И после уже вместе они входят в гостиную…
Ну никак, никак Елена не вязалась с казацкой хатой. В магазине дорогих бабских тряпок она выглядела естественно, в ресторане – да, конечно, это её среда, в холле гостиницы и даже у бассейна, едва прикрытая несколькими кусочками тканей, она была бы на положенном ей месте. Но в доме небогатого казака, на краю болота, она, даже без верхней одежды, в комбинезоне, что сидел на ней почти в обтяжку, да в ярких, красных гольфах – сапоги она, как и положено во всяком доме, где нет шлюза-тамбура с нагнетателями и фильтрами для очистки одежды и обуви, сняла в прихожей – выглядела здесь у него… ну, как минимум… неестественно. Неожиданно. И маленькая дочь Акима Наталка сидит у Елены на руках и, даже увидав отца, не побежала его встречать, пригрелась у незнакомой тётки, грызёт что-то… А на столе… весь стол завален разными гостинцами. Тут и яркие тряпки какие-то, шарфы-платки, что ли, носки какие-то цветные, посреди стола стоят красные сапожки детского размера, ну ещё и редких разносолов невиданных половина стола. Консервированные персики, вишня в стеклянной банке, и кое-чего Саблин даже и не видал никогда, кусочки вяленой дыни в коробке, свежие лимоны и яблоки в пластиковых вакуумных упаковках, дорогие сигареты, что обычно курят высшие офицеры, а ещё уже откупоренная бутылка с каким-то спиртным. На столе рюмки, домашние закуски, кружечки для чая. А Елена, не отпуская его дочь, встаёт и, улыбаясь ему так, как будто знает его много лет, вот так просто заявляет:
– Слушай, Аким, твоя Настя так хорошо готовит!

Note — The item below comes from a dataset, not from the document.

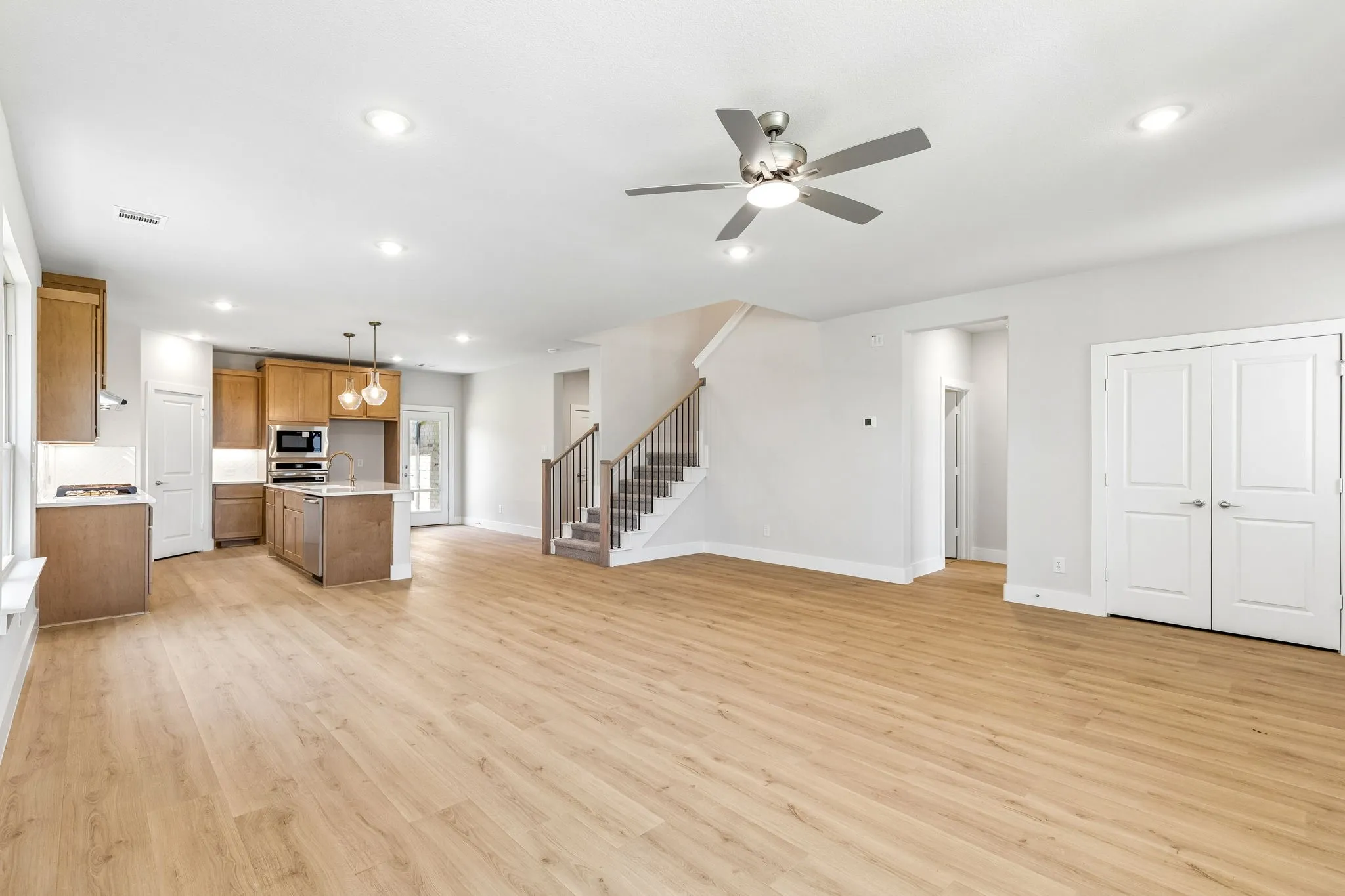 Open-concept living area featuring wood-finish flooring, recessed lighting, and a ceiling fan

Сразу на «ты»… Ни здрасте, ни до свидания и «Настя так хорошо готовит!».
«Уже подруги, что ли?».
– Да, – соглашается Саблин, а жена его за стол усаживает, тарелку перед ним и рюмку ставит. – Готовит Настасья хорошо, тут ничего добавить не могу.
– Лен, и вот так всегда, – вдруг начинает жена, она говорит с нежданной гостьей так, как будто знает её лет десять уже. – Ушёл в полк – ещё темно было, а пришёл – уже сумерки скоро.

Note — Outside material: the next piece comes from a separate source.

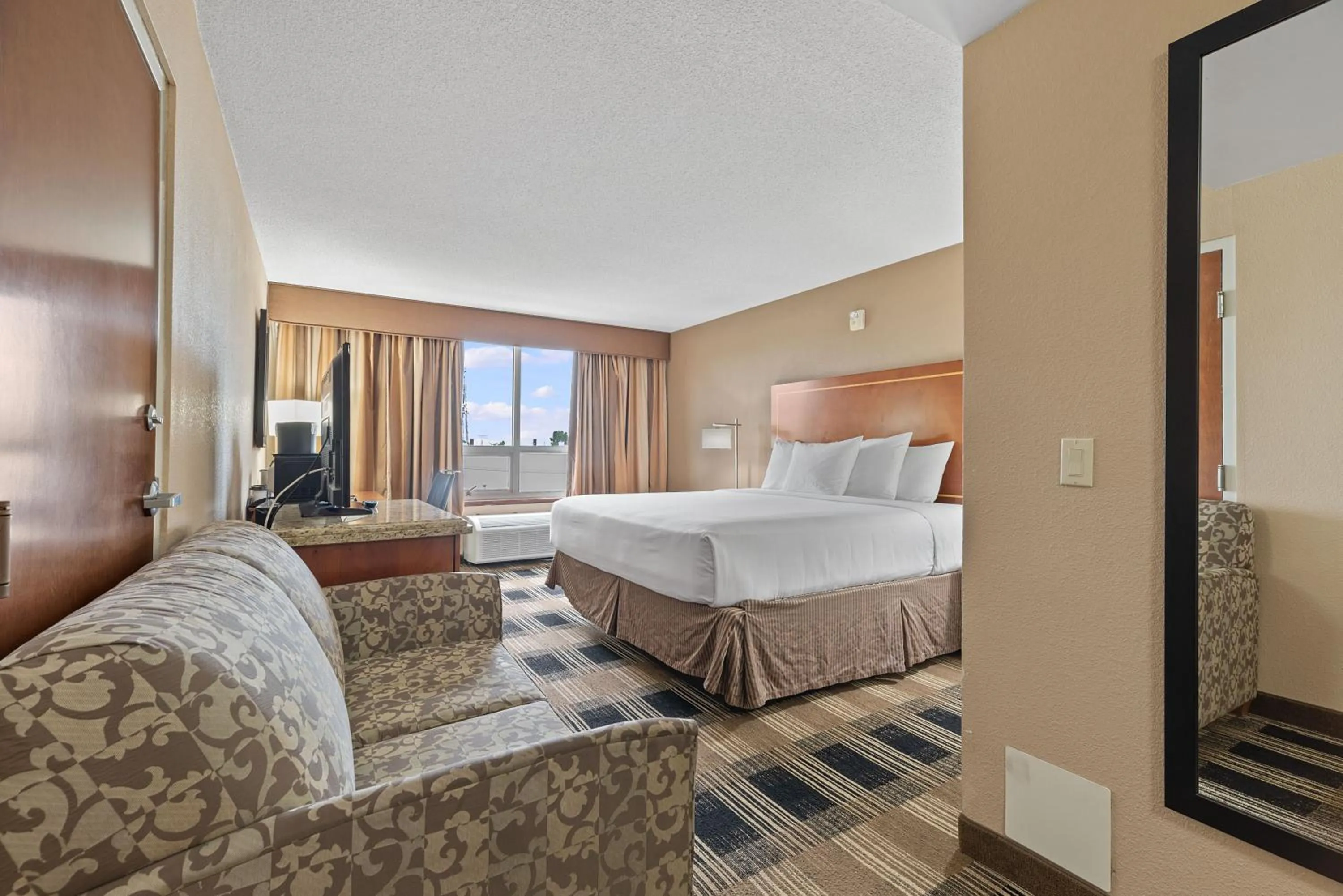 Bed in Hotel Executive Suites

«Быстро бабы дружатся. Казаки так быстро только на войне сходятся, а женщины… Ещё днём не знали друг друга, а тут едва языками зацепились – и всё… Настя, Лена – всё, подруги уже».
– Ой, Настя, ну что ты мне рассказываешь, – Елена снова уселась на своё место, а дочь Саблина от себя всё не отпускает. – Я же сама из казацкой семьи… У мужчин наших вся жизнь такая, они или на войне, или готовятся к ней.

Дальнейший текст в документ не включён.